The love-hate thing is often something of a cliché, but there is more than that to this clash of emotions. He has had a fling with a rich woman, who has followed him to become a menacing offstage character. May has been waiting for her date, a local man, to arrive. When he does, the tequila flows and the story emerges. The star-crossed Eddie and May are related by blood. The old man fathered them both on different mothers, a situation that blighted the lives of his women and their children.
It is not a scenario that can have a resolved ending; it simply dissolves to a flight into a threatening future. Ronan Wilmot, who plays the Old Man, also directs, and Laoisa Sexton, Sean Power and Patrick Joseph Byrnes are altogether convincing in the other roles. They make for absorbing and powerful theatre.
Runs until December 13th
Riona O Duinnin, Nancy Johnson, Geraldine O'Doherty
Hugh Lane Gallery, Dublin
Douglas Sealy
And then I knew 'twas Wind (1992) - Takemitsu, Sonata for flute, viola, and harp (1915) - Debussy, Walk/Don't Walk (2002) - Eric Sweeney, All collisions end in static - Linda Buckley and Keith O'Brien.
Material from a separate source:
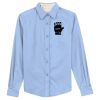 Women's Long Sleeve Button Down Shirt Thumbnail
Debussy's Sonata for flute, viola and harp, with its weaving of melodies, might have seemed out of place beside the much more recent music around it, but the combination of flute, viola and harp encouraged the other composers to write with an unexpected sweetness. Takemitus's piece might have been by Debussy, with a lot of notes left out, and even the piece by Buckley and O'Brien, in which the acoustic sound was electronically manipulated, avoided the outré effects that often tempt composers to assail rather than woo the listener's ear. In the programme notes they announce that "these aphoristic bursts of energy eventually exhaust themselves into a state of enlightened torpor". More continuous energy was manifest in Sweeney's Walk/Don't Walk, for flute and harp, in which the rhythmic impulse of an aerobic walk was so persuasive, not to say hypnotic, that the few abrupt halts, obeying the instruction "Don't Walk" hardly disturbed the onward flow.
The three instrumentalists played with an easeful rapport, bringing to each piece an acute appreciation of the aims of the different composers.